Option to preserve comments

arv commented 11 years ago

Original author: arv@chromium.org (February 19, 2013 23:16:07)

To make traceur useful for scripts that uses Closure Compiler JSDoc type annotations it seems important to allow us to keep comments and even generate comments.

Original issue: http://code.google.com/p/traceur-compiler/issues/detail?id=203

arv commented 11 years ago

From usrbi...@yahoo.com on March 21, 2013 20:58:17 Continuing the conversation from

https://codereview.appspot.com/7487046/

Peter was adding TypeScript type annotation and he was going to add a static type check pass. Adding runtime asserts is another option. I also think those are valuable to be able to turn on for debug mode.

If the JSDoc annotations were preserved in the traceur output, would Closure Compiler give us a typechecker for free?

arv commented 11 years ago

From arv@chromium.org on March 21, 2013 21:11:54 Not for free. We would have to add some annotations because we don't put @constructor nor @extends in comments since those are all in the source now.

arv commented 11 years ago

From peter...@google.com on March 21, 2013 21:19:00 There are a lot of lessons that can be learned from the JsCompiler type system. Check out the TypeScript type system by comparison. Emitting JsDoc type annotations is not a great long term strategy.

arv commented 11 years ago

From usrbi...@yahoo.com on March 22, 2013 21:04:52 I looked over TypeScript briefly (the repo, the website, the community), and I have to say, it was very educational. Microsoft definitely has a certain flavor, and it comes through strongly in everything they do.

In a hurry, so I'll touch on that later.

I didn't have a chance yet to test out the typechecking of TypeScript, but just looking over the syntax, it's more expressive than Closure Compiler's type declaration syntax (you can declare functions taking function parameters -- that in turn take certain parameters).

I agree that magic comments are not very satisfying to use, but in terms of functionality, it seems like they should theoretically be equivalent.

What's your take on the type-checking ability of Closure compiler vs TypeScript? I assume it's more a function of specific implementations as opposed to the choice of using JSDoc vs syntax?

I notice that TypeScript also supports JSDoc. I didn't look too closely into how that interacts with their native type annotations.
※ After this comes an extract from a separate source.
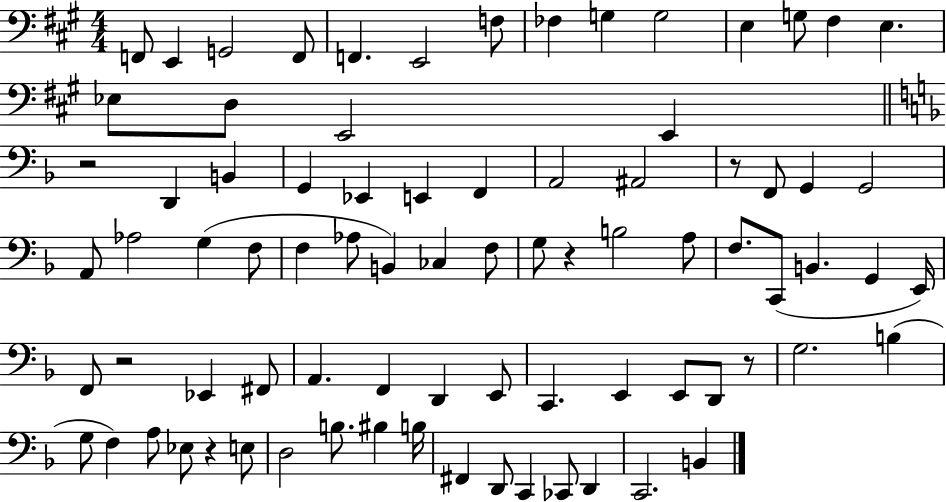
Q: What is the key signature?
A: A major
I do like the 'var x: type' style of type declaration; it's a lot less fiddly to parse. I kind of wish C used that style.

samcday commented 10 years ago

@arv I'm keen on getting comments attached to parse tree. Looks like comments are being handled by the parser, but just not attached. Do you have any branches lying around where this was pursued further?

Would you be interested in me implementing this and putting up a PR? If so - anything I should be aware of?

arv commented 10 years ago

@samcday I would love to make this happen and all help is appreciated. If you want to drive this I would be very happy too.

I've tried a few different solutions for this but I don't want to taint you yet.

Would you mind outlining what approach you were considering?

samcday commented 10 years ago

@arv I took a look at this whilst stuck on an international flight. With no internet I sketched out an algorithm to attach the comment nodes to an already built tree. This seemed to me to be the most simplistic initial stab. I took a look at how esprima attaches comment nodes in its parse tree for some inspiration.

My initial thoughts looked like this:

Collect all comments from handleComment callback into a stack.
Do a depth-first walk of the AST, when a node is encountered with start location offset that is greater than the offset of the comment at the head of the stack, attach the comment as a "leading comment" to that node, and then push that comment onto the head of a second stack.
- After initial walk, do another depth-first walk, but this time, check if the current node end location offset is greater than head of the second comment stack. If it is, attach as a "trailing comment" on the current node, and unshift that comment off the second stack.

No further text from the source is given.